William F. Galvin, secretary of the commonwealth of Massachusetts, said Monday that Fidelity Co-operative Bank of Fitchburg must establish a $3.5-million relief fund for individuals defrauded through the $1.1 billion-TelexFree Ponzi investment scheme.
(Fidelity Co-op Bank of Fitchburg, Mass., is not affiliated with Fidelity Investments of Boston.)
The Massachusetts Securities Division charged the heads of TelexFree with running an illegal pyramid operation in April. In July, TelexFree principals James Merrill and Carlos Wanzeler were indicted on federal charges of wire fraud and conspiracy.
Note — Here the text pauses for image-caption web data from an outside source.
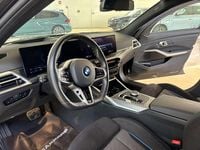 Occasion BMW 320 M Sport 190 ch (139 kW) 2025 Noir Berline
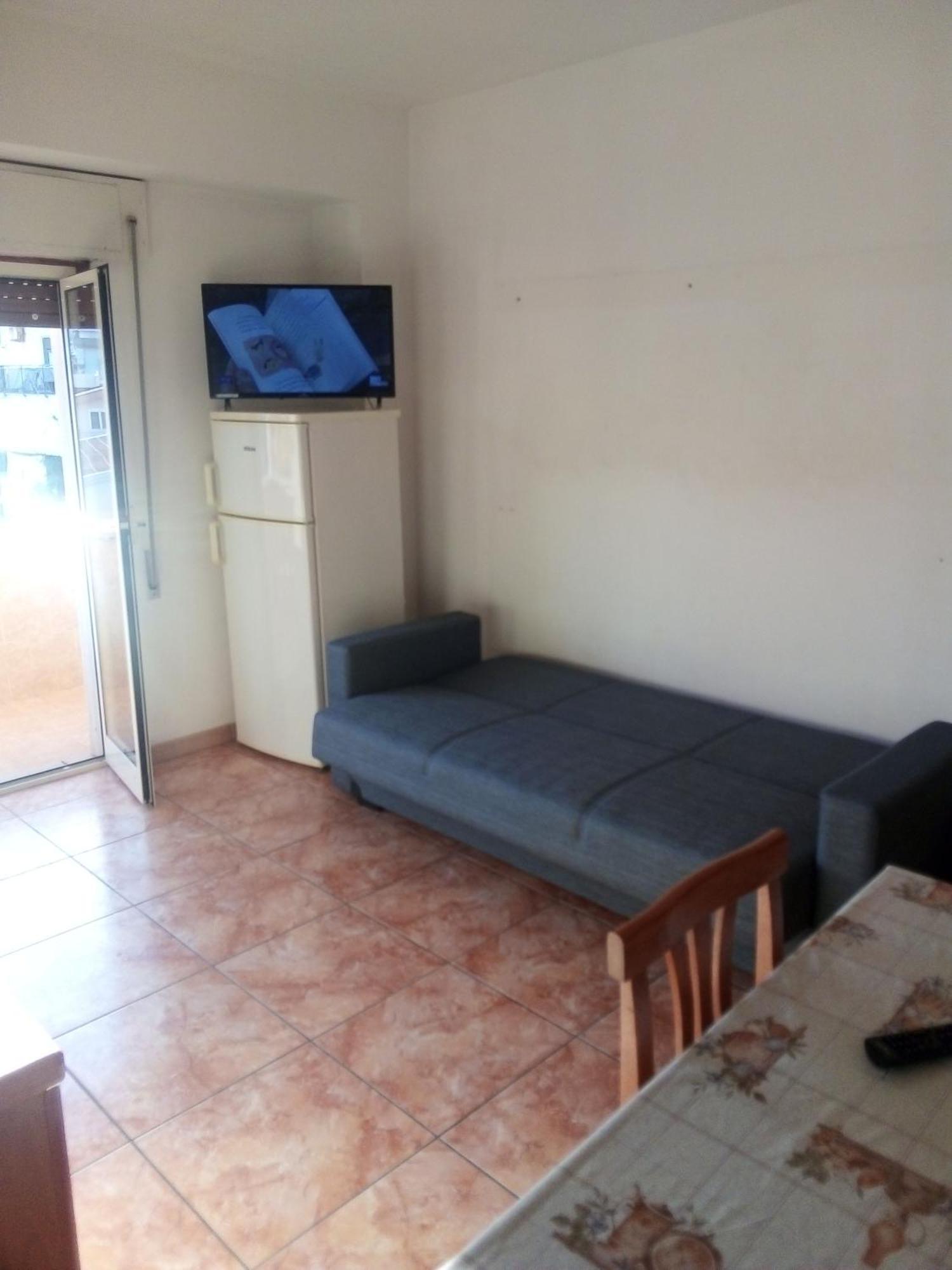 Apartament Casa Al Mare A Scalea Zewnętrze zdjęcie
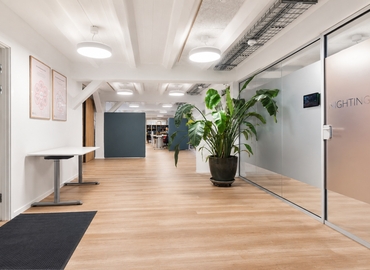 Kontor til leje på Njalsgade 21G, 2300 København S - 550 m² | Foto 5 - Lokalebasen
“This settlement will help repair, at least in part, the damage done to Massachusetts investors by this pervasive pyramid scheme, one that caused substantial losses to Massachusetts residents, many in the Commonwealth Brazilian community,” Galvin said, in a press release.
(The scheme also targeted Dominicans, according to the SEC.)
Regulators say those running the pyramid operation claimed the business was an alternative to landline phone services that used voice over Internet protocol (VoIP). They asked investors for either $289 or $1,375 as an initial investment (along with a $50 administrative fee) for a sales kit.
Investors who put in $289 were told that they could make an annual profit of at least $681. Those investing $1,375 could earn $3,675.
Co-op Bank Issues
In August 2013, those running TelexFree opened accounts at Fidelity Co-operative Bank. The bank’s president is John Merrill, the brother of TelexFree’s former CEO, James Merrill. TelexFree made three deposits totaling $10.1 million.
Massachusetts securities regulators say the bank’s process for opening accounts was inadequate in terms of training, experience and oversight in the handling of large deposits.
“According to the Division’s investigation, TelexFree deposited funds in Fidelity [Co-operative] Bank accounts between Aug. 8, 2013, and Dec. 26, 2013 – proceeds received from victims of the TelexFree fraud,” the order states.
Fidelity Co-operative Bank also opened personal accounts for James Merrill and Carlos Wanzeler.
“As identified by the United States Attorney’s Office, Jim Merrill and Wanzeler transferred $10,454,000 out of Fidelity Bank, in multiple transactions using personal accounts, to various other financial institutions after Nov. 27, 2013,” according to the consent order.
Wanzeler, for instance, moved $3.5 million from his personal bank account to an overseas bank account held in Singapore.
“While this fund will not make the victims whole, it is a first step to provide them with some economic relief, and I appreciate the bank’s cooperation with the division’s investigation,” Galvin said in a statement.